Abstract. Dairies emit roughly half of total methane (CH4) emissions in California, generating CH4 from both enteric fermentation by ruminant gut microbes and anaerobic decomposition of manure. Representation of these emission processes is essential for management and mitigation of CH4 emissions and is typically done using standardized emission factors applied at large spatial scales (e.g., state level). However, CH4-emitting activities and management decisions vary across facilities, and current inventories do not have sufficiently high spatial resolution to capture changes at this scale. Here, we develop a spatially explicit database of dairies in California, with information from operating permits and California-specific reports detailing herd demographics and manure management at the facility scale. We calculated manure management and enteric fermentation CH4 emissions using two previously published bottom-up approaches and a new farm-specific calculation developed in this work. We also estimate the effect of mitigation strategies – the use of mechanical separators and installation of anaerobic digesters – on CH4 emissions. We predict that implementation of digesters at the 106 dairies that are existing or planned in California will reduce manure CH4 emissions from those facilities by an average of 26 % and total state CH4 emissions by 5 % (or ∼36.5 Gg CH4/yr).

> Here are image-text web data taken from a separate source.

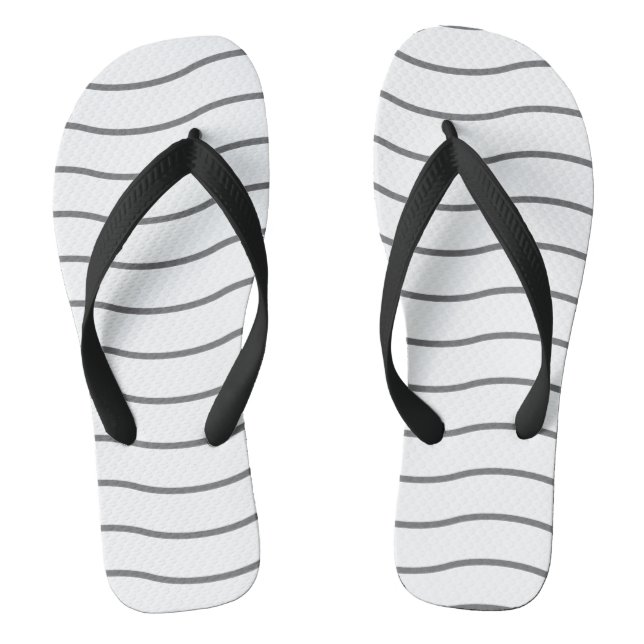 Graue, weiße Wellenmuster Flip Flops (Fußbett)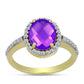 Goldplattierter Silberring mit lila Achat und weißem Topas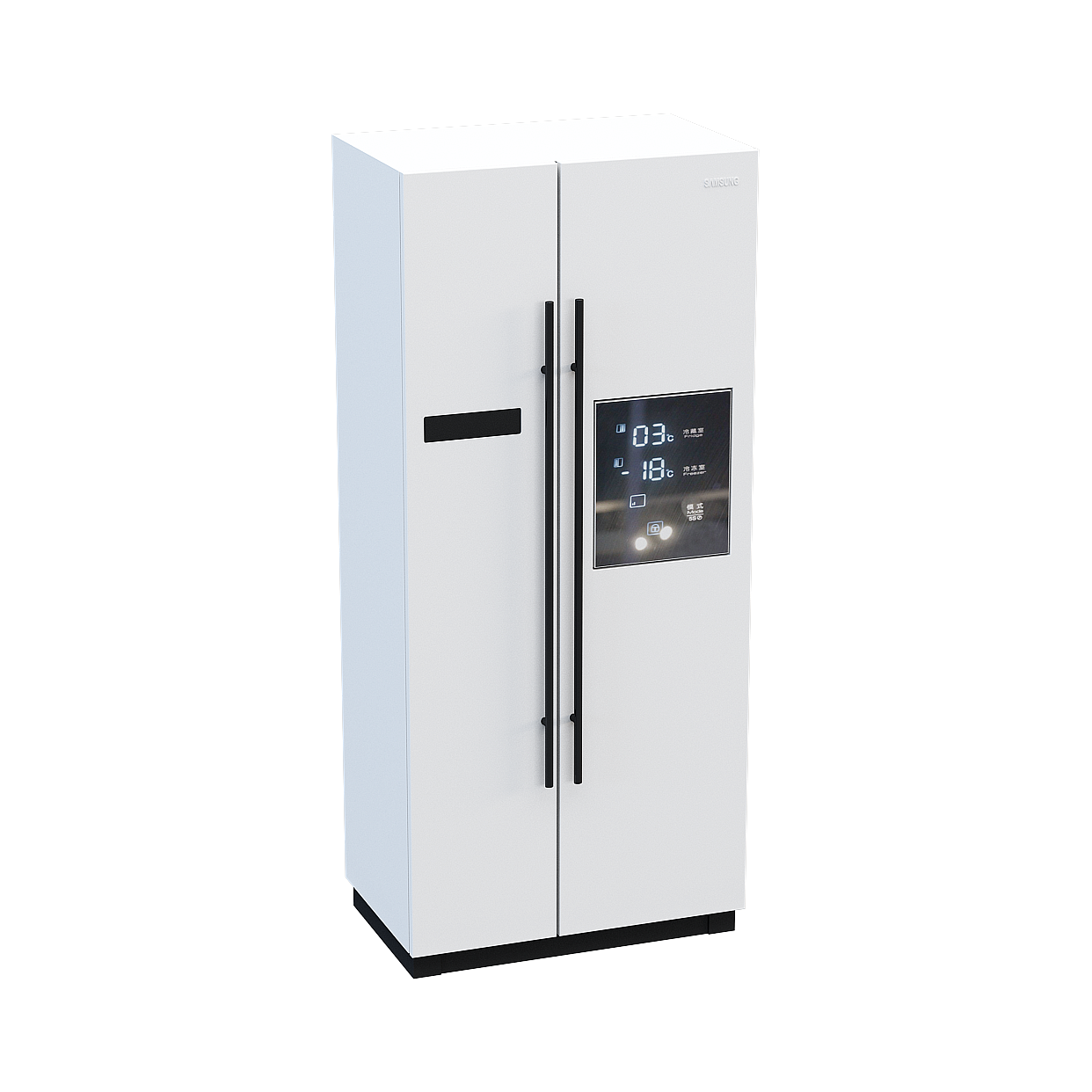 Sleek Smart Refrigerator 3D Model – Modern Low-Poly Design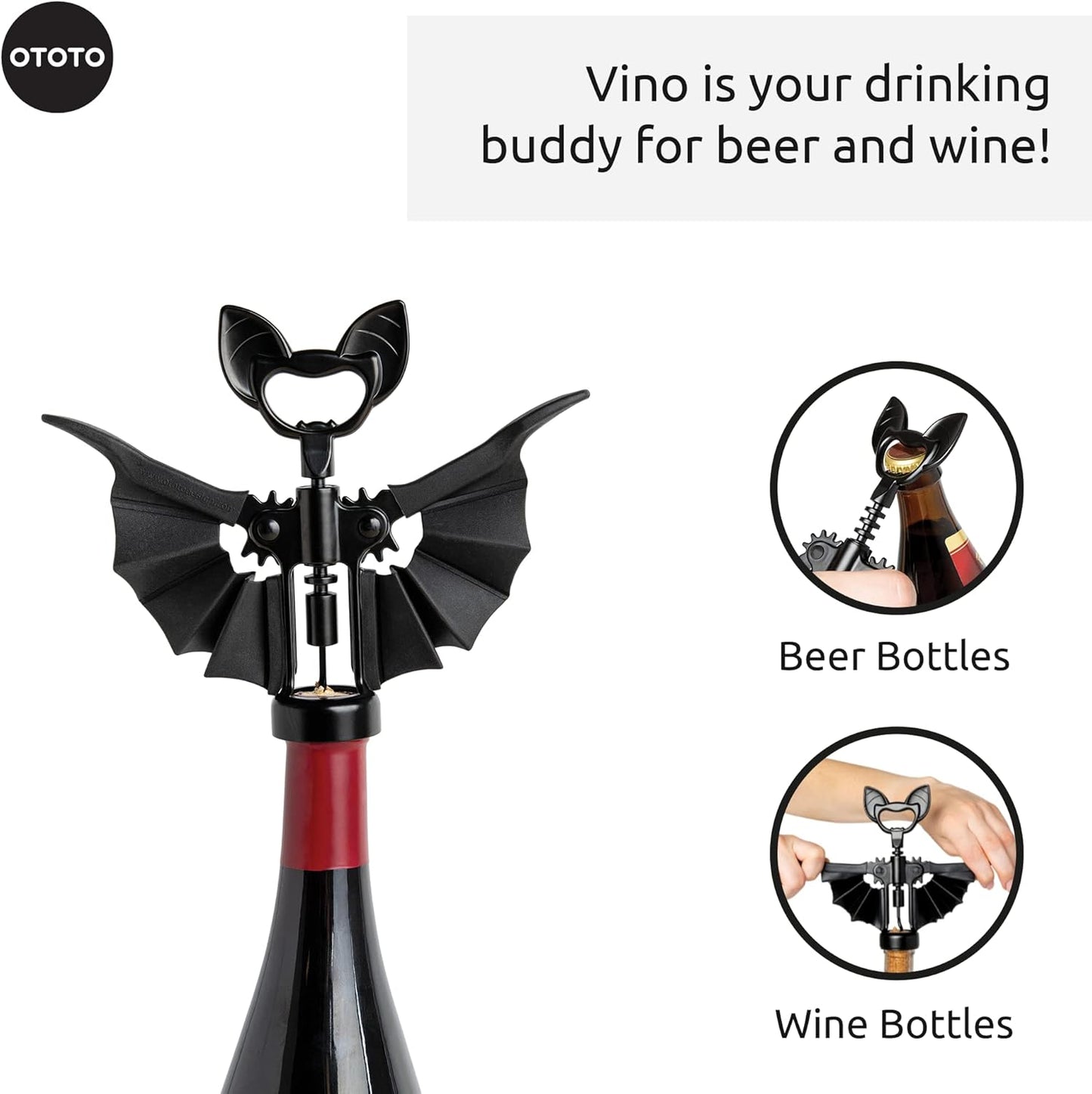 OTOTO Vino Spooky Bat 2-in-1 Wine & Beer Opener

In addition to serving as a planning tool for mitigation, this database is useful as a prior for atmospheric observation-based emissions estimates, attribution of emissions to a specific facility, and validation of CH4 emissions reductions from management changes. Raster files of the datasets and associated metadata are available from the Oak Ridge National Laboratory Distributed Active Archive Center for Biogeochemical Dynamics (ORNL DAAC; Marklein and Hopkins, 2020; https://doi.org/10.3334/ORNLDAAC/1814).

Publisher

Copernicus GmbH

Subject

General Earth and Planetary Sciences

Reference38 articles.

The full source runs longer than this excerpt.